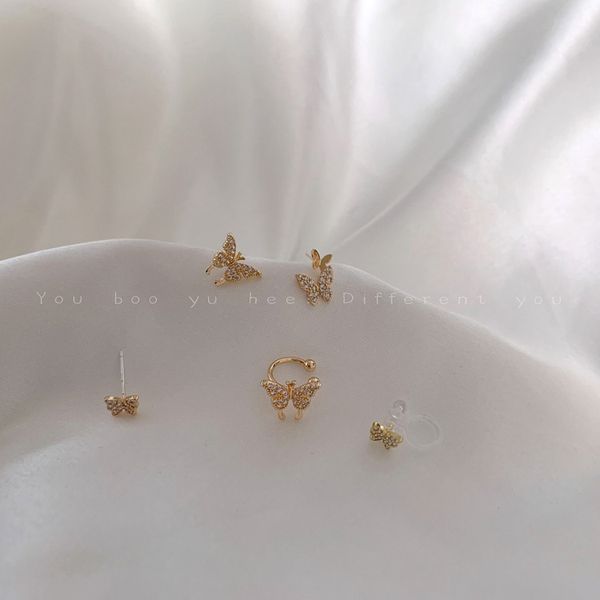 full diamond small butterfly earrings 2022 new fashion ear studs clip mori style super fairy earrings no piercings drop eardrop, Golden
full diamond small butterfly earrings 2022 new fashion ear studs clip mori style super fairy earrings no piercings drop eardrop, Golden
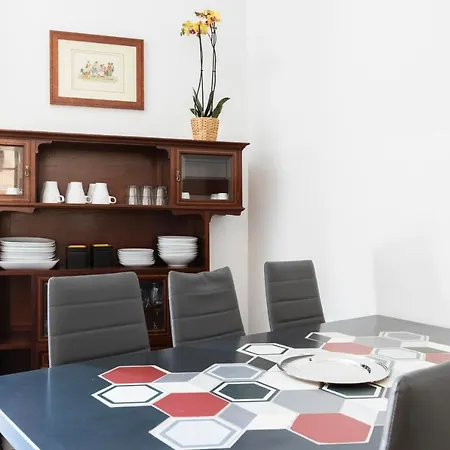 Residenza Ottaviano 105 By Hili Apartament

· · ·

Would you return the data exactly as written, without the pictures?

 full diamond small butterfly earrings 2022 new fashion ear studs clip mori style super fairy earrings no piercings drop eardrop, Golden
full diamond small butterfly earrings 2022 new fashion ear studs clip mori style super fairy earrings no piercings drop eardrop, Golden
 Residenza Ottaviano 105 By Hili Apartament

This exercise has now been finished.